◆ **Your assignment**:
What needs reproducing is the run of lines in the data below starting at the line with "Chemical structure of" and ending at the line with "SCHMERSAL BPS250 NSMP", both ends included. Copy it exactly, without pictures, and add nothing.

◆ **Exercise data**:
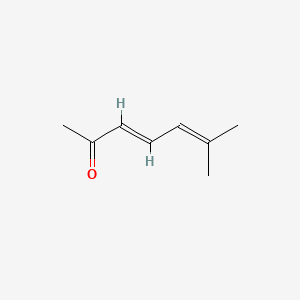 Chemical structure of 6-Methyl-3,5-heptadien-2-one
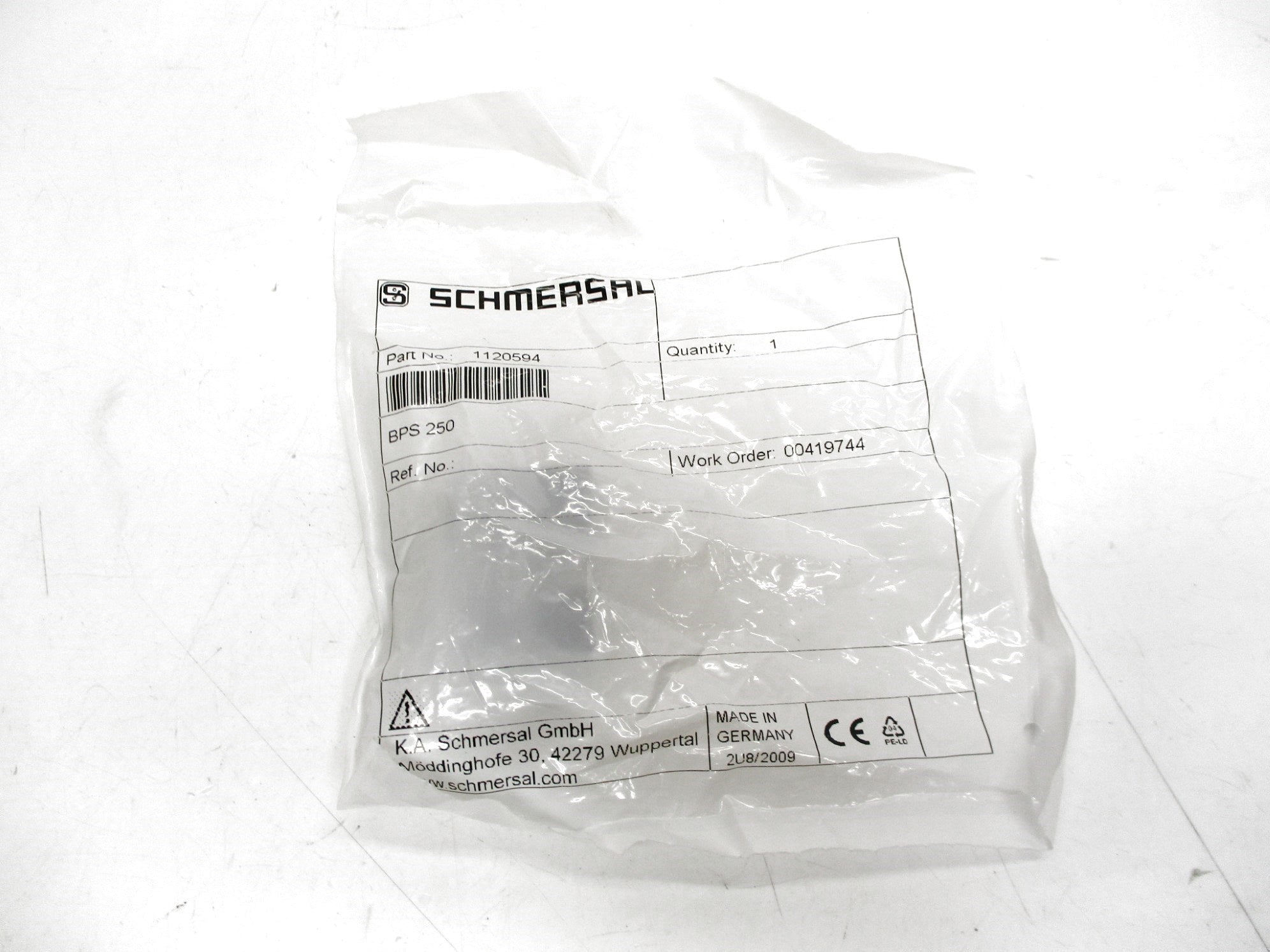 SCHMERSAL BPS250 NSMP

---

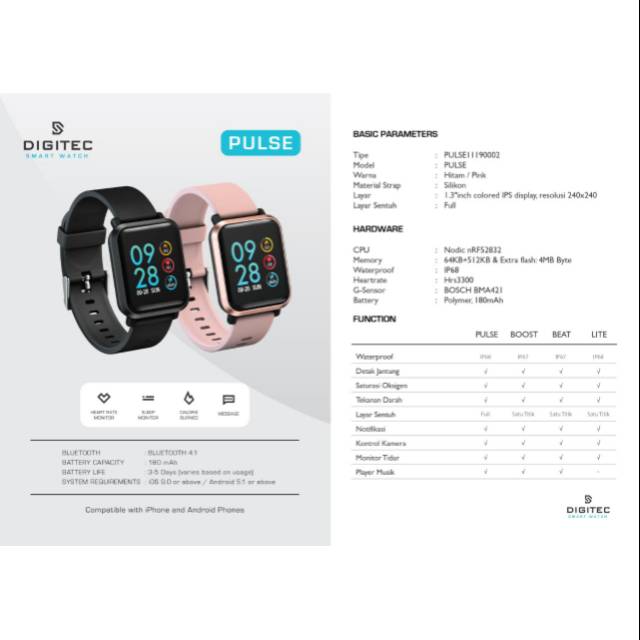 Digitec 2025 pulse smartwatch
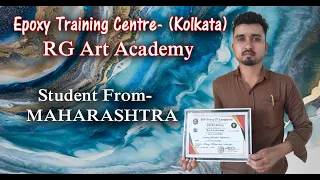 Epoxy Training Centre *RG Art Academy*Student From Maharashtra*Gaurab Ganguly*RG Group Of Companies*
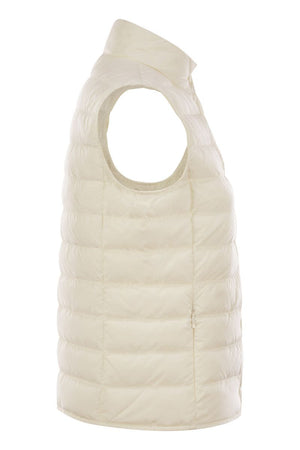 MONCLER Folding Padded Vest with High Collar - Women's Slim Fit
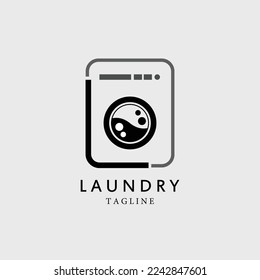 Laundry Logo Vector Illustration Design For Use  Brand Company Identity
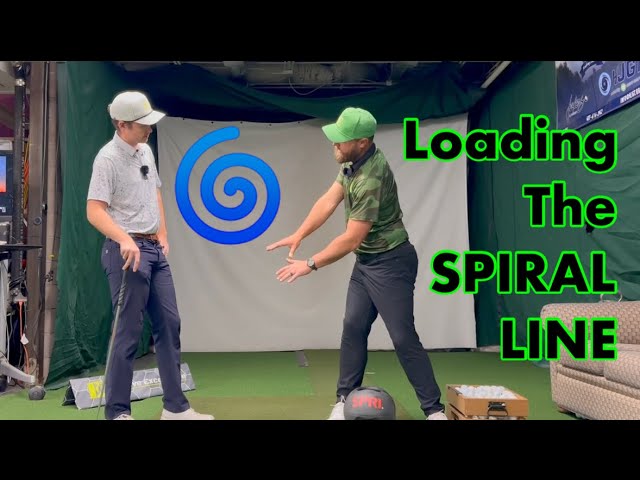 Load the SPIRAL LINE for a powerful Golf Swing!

◆ **Exercise answer**:
 Chemical structure of 6-Methyl-3,5-heptadien-2-one
 SCHMERSAL BPS250 NSMP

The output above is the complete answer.